[[ Data under study, beginning ]]

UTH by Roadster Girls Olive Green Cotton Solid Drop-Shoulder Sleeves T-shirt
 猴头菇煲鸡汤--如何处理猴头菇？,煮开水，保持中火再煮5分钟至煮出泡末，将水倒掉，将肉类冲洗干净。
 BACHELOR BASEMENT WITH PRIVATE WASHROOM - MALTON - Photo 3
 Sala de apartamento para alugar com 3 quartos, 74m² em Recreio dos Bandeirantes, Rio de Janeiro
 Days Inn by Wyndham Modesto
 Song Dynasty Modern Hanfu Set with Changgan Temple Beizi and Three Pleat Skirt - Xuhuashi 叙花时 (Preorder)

[[ Data under study, end ]]

From the first line to the last, retype the data exactly.

* [Answer space]
UTH by Roadster Girls Olive Green Cotton Solid Drop-Shoulder Sleeves T-shirt
 猴头菇煲鸡汤--如何处理猴头菇？,煮开水，保持中火再煮5分钟至煮出泡末，将水倒掉，将肉类冲洗干净。
 BACHELOR BASEMENT WITH PRIVATE WASHROOM - MALTON - Photo 3
 Sala de apartamento para alugar com 3 quartos, 74m² em Recreio dos Bandeirantes, Rio de Janeiro
 Days Inn by Wyndham Modesto
 Song Dynasty Modern Hanfu Set with Changgan Temple Beizi and Three Pleat Skirt - Xuhuashi 叙花时 (Preorder)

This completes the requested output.